• What is needed: Using the data below, set down every line from the one containing "Closeup of recycling" through the one containing "Grå T-skjorte med", inclusive and unchanged. Pictures are to be skipped.

• Data in this exercise:
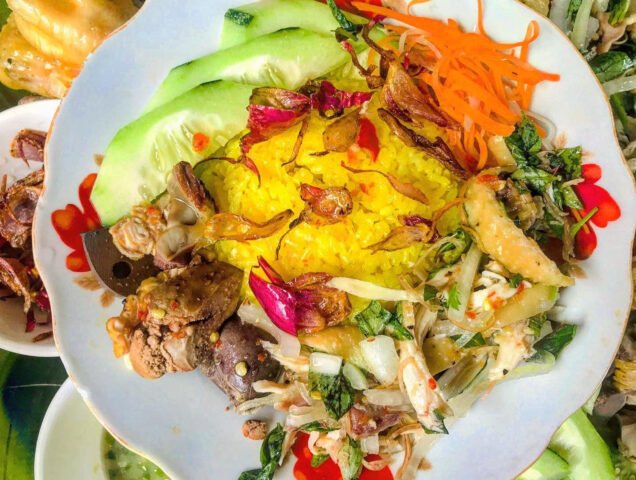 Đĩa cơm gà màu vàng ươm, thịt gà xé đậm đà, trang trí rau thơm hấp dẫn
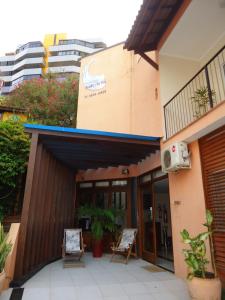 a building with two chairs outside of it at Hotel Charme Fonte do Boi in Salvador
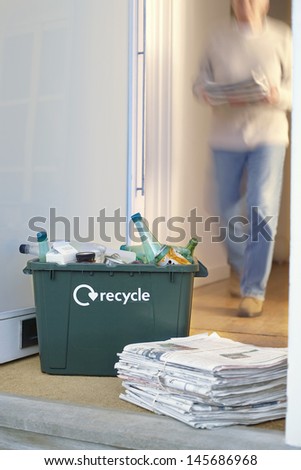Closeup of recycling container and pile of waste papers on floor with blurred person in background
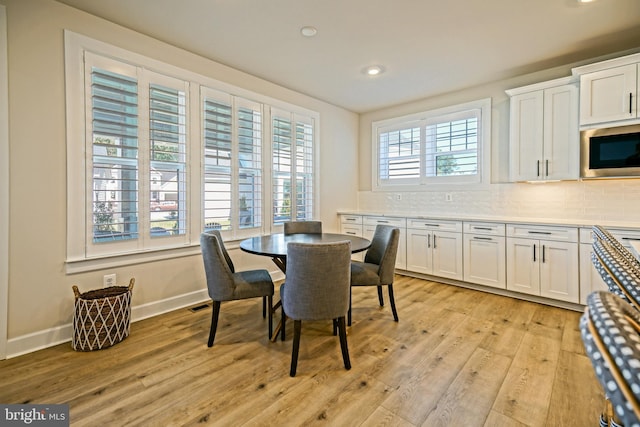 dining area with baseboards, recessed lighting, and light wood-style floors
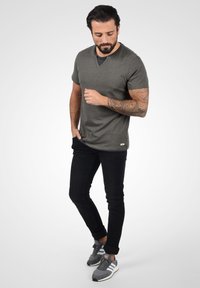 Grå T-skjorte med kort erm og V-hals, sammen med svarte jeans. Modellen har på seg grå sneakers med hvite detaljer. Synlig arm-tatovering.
...
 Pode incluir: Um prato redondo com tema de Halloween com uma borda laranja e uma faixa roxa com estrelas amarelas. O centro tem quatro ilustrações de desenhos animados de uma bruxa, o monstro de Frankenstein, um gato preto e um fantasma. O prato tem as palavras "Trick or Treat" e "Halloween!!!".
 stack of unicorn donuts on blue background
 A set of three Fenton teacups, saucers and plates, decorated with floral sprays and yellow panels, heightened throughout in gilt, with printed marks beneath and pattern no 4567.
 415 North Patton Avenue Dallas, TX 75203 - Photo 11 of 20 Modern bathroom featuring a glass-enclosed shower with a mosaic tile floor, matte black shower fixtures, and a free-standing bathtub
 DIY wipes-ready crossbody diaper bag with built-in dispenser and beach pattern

• Result of this exercise:
Closeup of recycling container and pile of waste papers on floor with blurred person in background
 dining area with baseboards, recessed lighting, and light wood-style floors
 Grå T-skjorte med kort erm og V-hals, sammen med svarte jeans. Modellen har på seg grå sneakers med hvite detaljer. Synlig arm-tatovering.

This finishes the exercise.